Mgr Pizzaballa a souligné également l’importance renouveler l’entente avec les autres institutions chrétiennes : « Je pense que nous devrions faire en sorte que les Églises travaillent mieux ensemble. Nous devons viser une meilleure coordination entre nous tous, pour faire davantage d’autant que nous travaillons sur les mêmes questions de projets de logement, d’emploi etc. Mais il est très important pour nous de ne pas nous contenter d’apporter une aide, mais de créer des opportunités durables. C’est le défi que nous devons relever aujourd’hui. Nous devons créer les conditions et soutenir autant que possible l’autosuffisance. Je pense que c’est la clé pour l’avenir. »
Des signes encourageants
Dans un contexte de crispation religieuse, le patriarche a exprimé son heureux étonnement d’avoir reçu des félicitations de la part de nombreuses autorités religieuses, les chefs de toutes les Eglises mais aussi de nombreux rabbins, muftis et du Waqf, ainsi que des autorités civiles du pays. Sans compter l’immense joie suscitée chez les Chrétiens. Cette allégresse commune est un vrai message d’espoir.
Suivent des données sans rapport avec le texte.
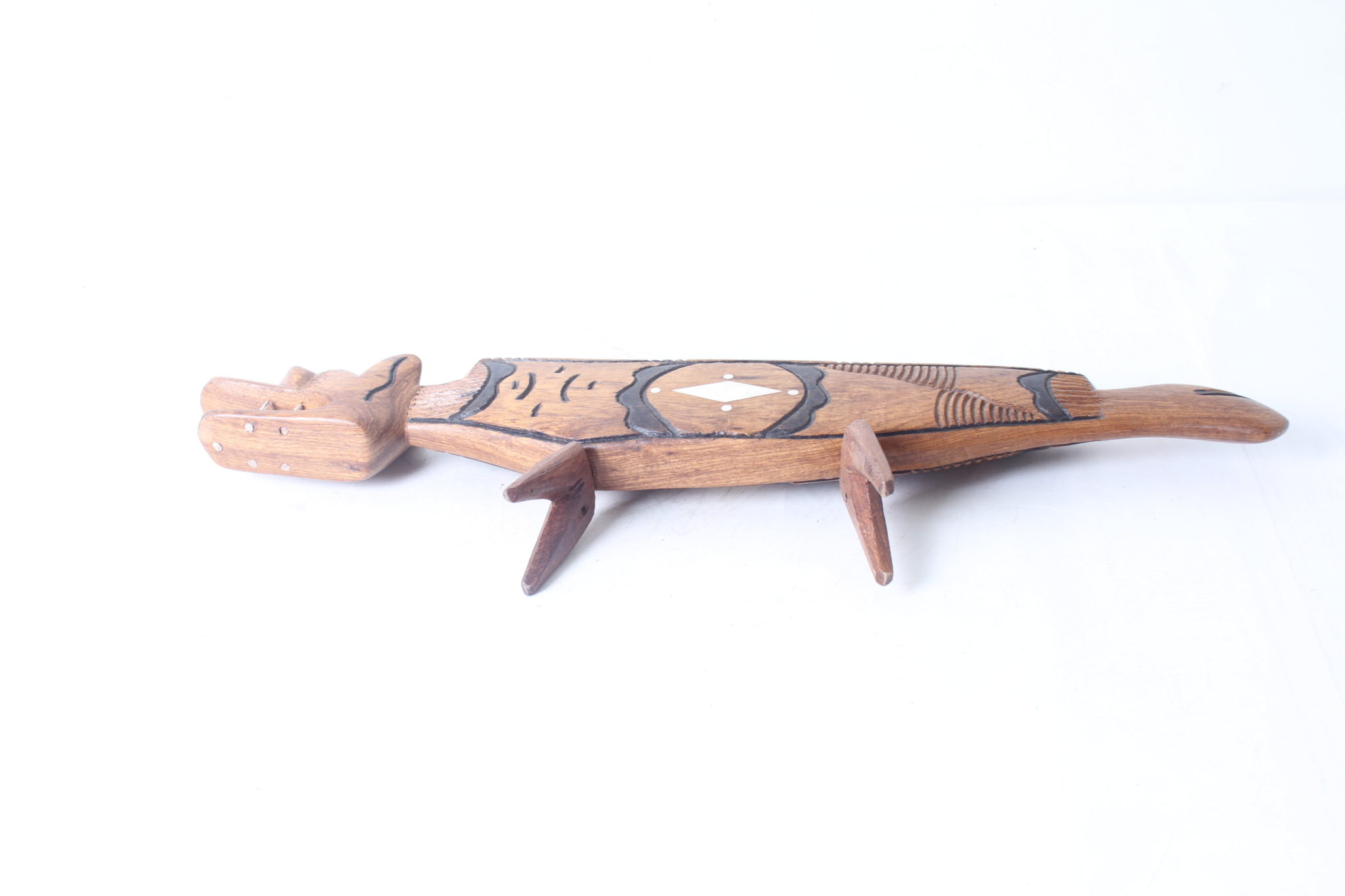 pirogue-artisanale-bois-sculpte-sans-les-personnages-objets-deco-brocante-occasion-emmaus-scherwiller-etikette (5)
Répondant aux questions des journalistes sur les récents propos de la diplomatie vaticane s’agissant des attaques contre les chrétiens, Mgr Pierbattista Pizzaballa, a déclaré : « Il semble que la voix des modérés ne soit pas entendue et que l’extrémisme ou les différents extrémismes deviennent la seule façon d’entretenir des relations. C’est pourquoi il est très important à nouveau de travailler ensemble. Nous sommes en contact avec tous les organismes, les autorités civiles, les autorités religieuses, la police et tous les autres afin de traiter ce problème de manière appropriée. »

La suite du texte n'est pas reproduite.